Rust has this cool feature called impl block. An impl block is just a scope that introduces a way to augment a type with methods – do not confuse impl blocks with trait impls, used to implement a given trait.

The syntax is the following:

pub struct MyId(u32);

impl MyId {
  /// A method that creates a null identifier.
  pub fn nil() -> Self {
    MyType(0)
  }

  /// A method that checks whether an ID is odd (why not?).
  pub fn is_odd(&self) -> bool {
    self.0 % 2 != 0
  }

  // some other methods…
}

This syntax gives you the dot notation and the static method call syntax:

let x = MyId::nil(); // static method call

println!("is it odd? {}", x.is_odd()); // dot notation

Most of the time, you’ll want impl blocks for:

The dot notation.
Sharing type variables.

Type variables in impl blocks

A type variable is a variable that holds a type. People coming from languages like C++, Java, C#, Python, D, etc. are used to name those template parameters or type parameters.

pub struct List<T> {
  // hidden
}

impl<T> List<T> {
  // hidden
}

T here is a type variable, and you can see that you can have an impl block over List<T>. What that means is that any declared method will have a hidden type Self = List<T>. If you declare a static method, Self will be set as List<T> and if you declare a regular method, self, &self or &mut self will have types – respectively – List<T>, &List<T> and &mut List<T>.
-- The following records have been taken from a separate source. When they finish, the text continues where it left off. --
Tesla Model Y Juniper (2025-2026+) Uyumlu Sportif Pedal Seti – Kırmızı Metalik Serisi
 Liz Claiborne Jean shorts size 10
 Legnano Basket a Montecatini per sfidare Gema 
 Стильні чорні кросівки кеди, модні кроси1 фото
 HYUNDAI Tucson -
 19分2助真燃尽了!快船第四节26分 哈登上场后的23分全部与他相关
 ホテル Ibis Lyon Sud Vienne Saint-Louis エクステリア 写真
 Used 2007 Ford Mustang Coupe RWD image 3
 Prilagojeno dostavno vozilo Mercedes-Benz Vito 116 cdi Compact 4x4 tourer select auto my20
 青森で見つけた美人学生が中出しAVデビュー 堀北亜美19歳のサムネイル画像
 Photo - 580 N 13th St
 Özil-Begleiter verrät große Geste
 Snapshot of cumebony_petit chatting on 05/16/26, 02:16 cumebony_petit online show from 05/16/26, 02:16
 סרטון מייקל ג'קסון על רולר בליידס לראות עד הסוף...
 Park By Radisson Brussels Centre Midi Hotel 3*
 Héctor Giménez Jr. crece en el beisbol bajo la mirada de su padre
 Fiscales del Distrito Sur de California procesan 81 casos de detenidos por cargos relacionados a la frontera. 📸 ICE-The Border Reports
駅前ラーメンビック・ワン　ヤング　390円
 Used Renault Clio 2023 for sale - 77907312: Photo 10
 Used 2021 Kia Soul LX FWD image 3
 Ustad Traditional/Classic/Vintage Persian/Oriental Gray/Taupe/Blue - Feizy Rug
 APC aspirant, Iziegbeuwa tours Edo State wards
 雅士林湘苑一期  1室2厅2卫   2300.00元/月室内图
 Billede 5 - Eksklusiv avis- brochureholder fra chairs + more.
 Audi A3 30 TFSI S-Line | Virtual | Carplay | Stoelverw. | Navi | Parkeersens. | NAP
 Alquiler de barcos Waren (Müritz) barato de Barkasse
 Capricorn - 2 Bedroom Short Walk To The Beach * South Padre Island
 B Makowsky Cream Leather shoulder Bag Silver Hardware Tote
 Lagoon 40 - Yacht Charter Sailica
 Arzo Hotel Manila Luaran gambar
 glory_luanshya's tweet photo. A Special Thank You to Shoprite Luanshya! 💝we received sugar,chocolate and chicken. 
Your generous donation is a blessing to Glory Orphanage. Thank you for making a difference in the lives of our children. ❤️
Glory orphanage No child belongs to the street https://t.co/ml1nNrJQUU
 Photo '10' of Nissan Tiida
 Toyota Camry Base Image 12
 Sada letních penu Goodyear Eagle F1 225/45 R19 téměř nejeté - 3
That sharing is even more pronounced when you start to deal with more complex data types and want to restrain their type variables with trait bounds. For instance, imagine that you want an ordered list:

pub struct OrderedList<T> {
  // hidden
}

You could implement OrderedList<T> for any T, but it’s very likely that for a lot of methods, you’ll need T to be comparable. So you can do this, for example:

impl<T> OrderedList<T> where T: PartialOrd {
  // hidden
}

All the methods and static methods will have Self an alias to List<T> where T: PartialOrd. This will drastically help you when writing methods that all require the trait bound.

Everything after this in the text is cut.